Though really in this case we are not going to open up the drive, flash the firmware, or do cutting of any kind.

What we did to the 1.5 TB hard drive was to shrink it. There are a 5 easy steps you have to follow in order to accomplish that.

1. Download SeaTools DOS version from the Seagate website.

2. Burn the ISO onto a blank CD using any standard CD burner.

3. Put the burned CD into the CD-Drive and restart your computer.

4. The CD will boot automatically into the software’s graphical interface at which point you must click “ACCEPT” to the licence agreement.

5. Click the drive labeled “ST31500341AS” by left clicking the name.

6. Go to the “Advanced Tools” tab and select the “Set Capacity Manually” option.

7. Once you have done that, a blank dialog should appear.
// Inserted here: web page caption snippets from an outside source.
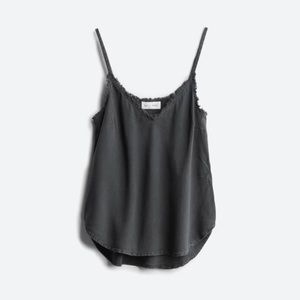 New without tags, never worn only tried on. Bella dahl dark gray frayed hem top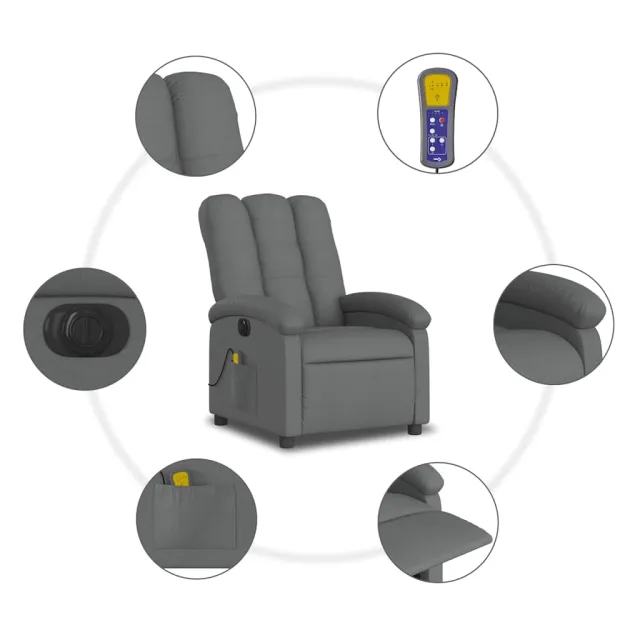 Fauteuil inclinable de massage électrique gris foncé tissu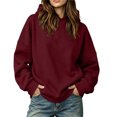 thumbnail image 3 of Loose Fit Hoodie for Women,Oversized Solid Color Long Sleeve Pullover Casual Basic Sweatshirts,Campus School Daily Wear, 3 of 6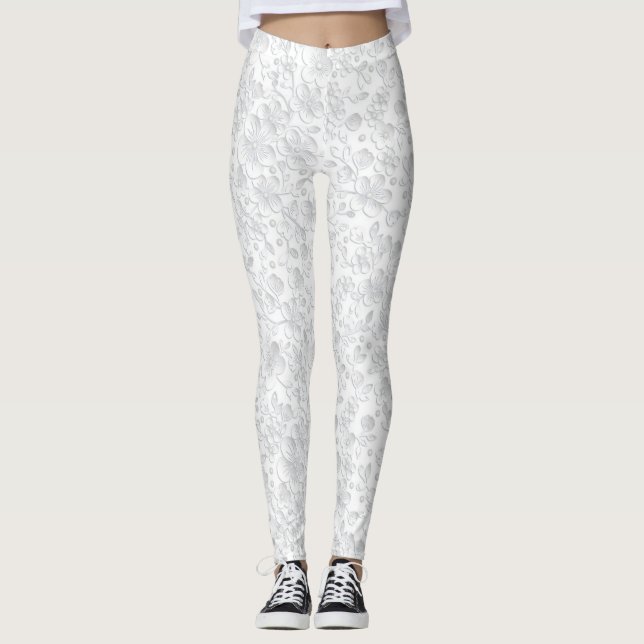 Legging Legendas brancas e de rendas (Frente)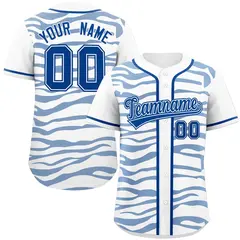 White Royal Zebra Graffiti Authentic Baseball Jersey 1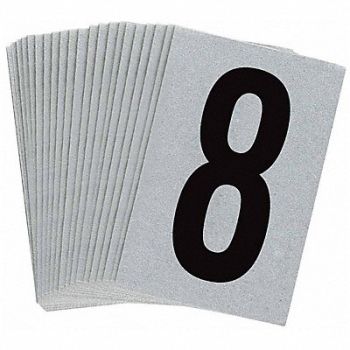 BRADY Number Label 8 Blk On Slvr 1-1/2inH PK25, 35TA16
Enter the amount of LBAs (Logical Block Addresses) you want your “new” drive to have and click “Continue”. The magic number for the 300 GB mark is 589080586. For reference the max number that you can enter into this field is 2930277167 which equals 1500.302 GB.
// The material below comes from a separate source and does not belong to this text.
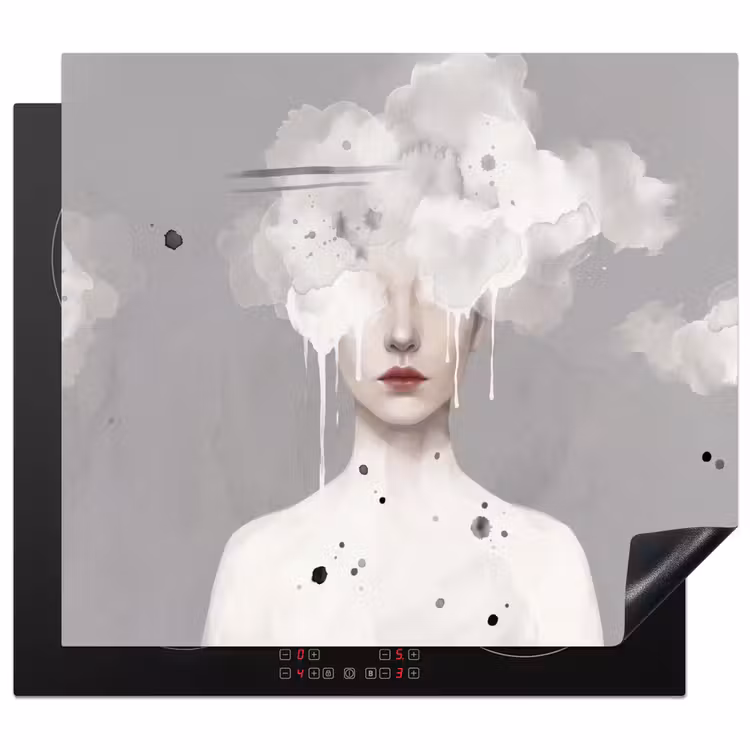Inductie beschermer - Vrouw - Wolk - Grijs — 1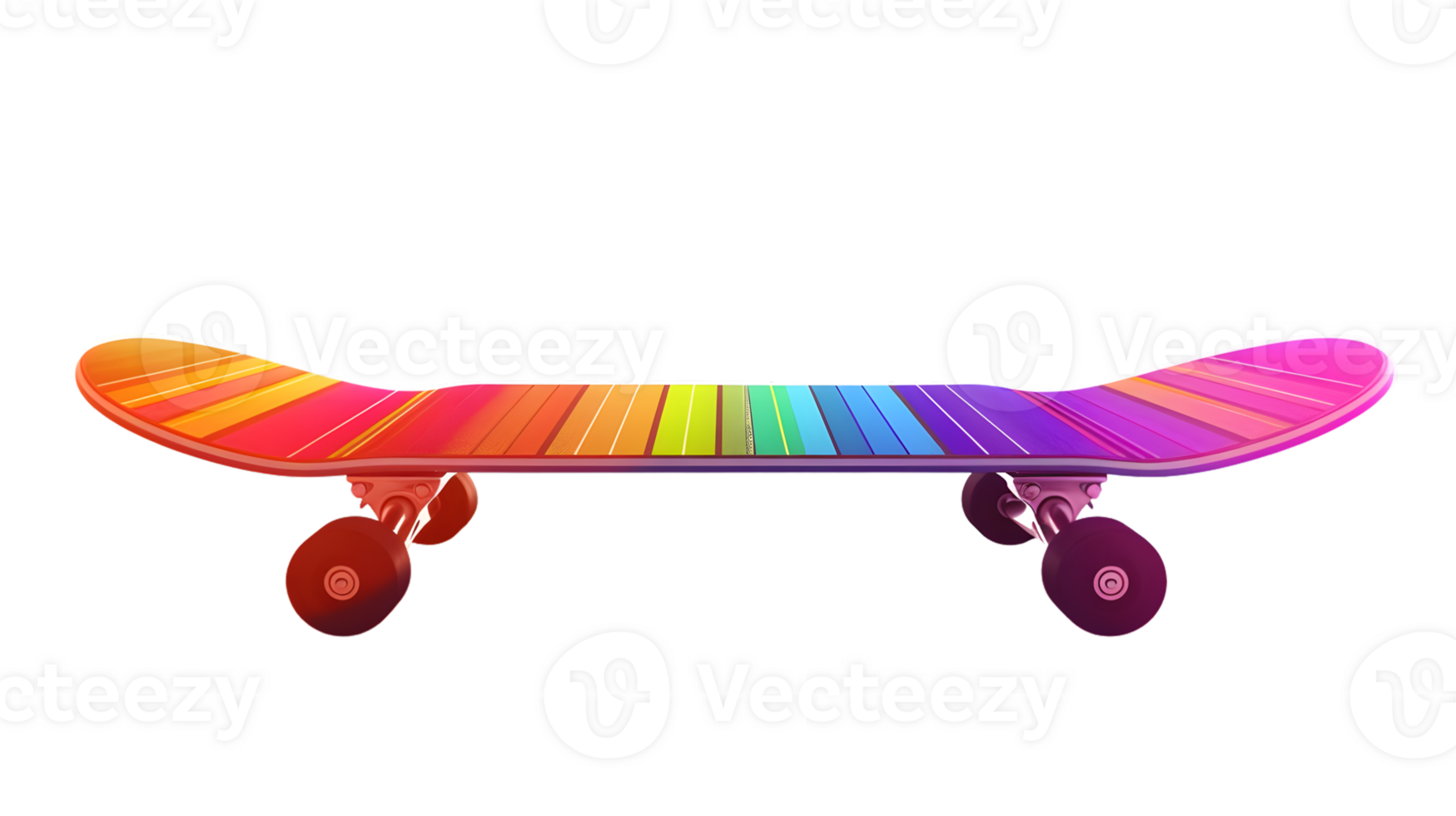 Colorful Skateboard with Rainbow Design and Vibrant Wheels for Sports Recreation and Artistic png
8. The confirmation message should look like the screenshot below. Once you achieved the confirmation, you are done. You can take out the CD and press the reset button or click “CTRL + ALT + DEL” to restart your computer.

**Note: The “Set Capacity Manually” only accepts LBA number so if you put something like “300 GB”, the software will set the size to zero and you will have to shut down the computer, restart and put the correct number into the Box. Also, after the capacity has been set, the software can not alter the size unless you completely Shut Down your computer, a simple Reset will not work.

After you set the size less than the maximum capacity, the remaining space will be invisible to the system and thus rendered useless. (If you downsize the 1500 GB drive to 300 GB, the other 1200 GB would be invisible) The drive will effectively become 300 GB in size.

Now I can hear you all screaming “What happened to 1.2TB worth of my drive space?” As I mentioned the drive is now a 300GB drive for all purposes. Look at it this way, the 300GB Western Digital Velociraptor is approximately ~$229 while the price of the Seagate 1.5TB drive is approximately ~$119 at the time of this writing. Now what you end up with is a drive that is higher in performance in all regards except seek times at a lower cost per GB. We are all about getting more for less around here. The added benefit is that you can always go back and reclaim that 1.2TB at any time, try to expand the Velociraptor at a later date (good luck).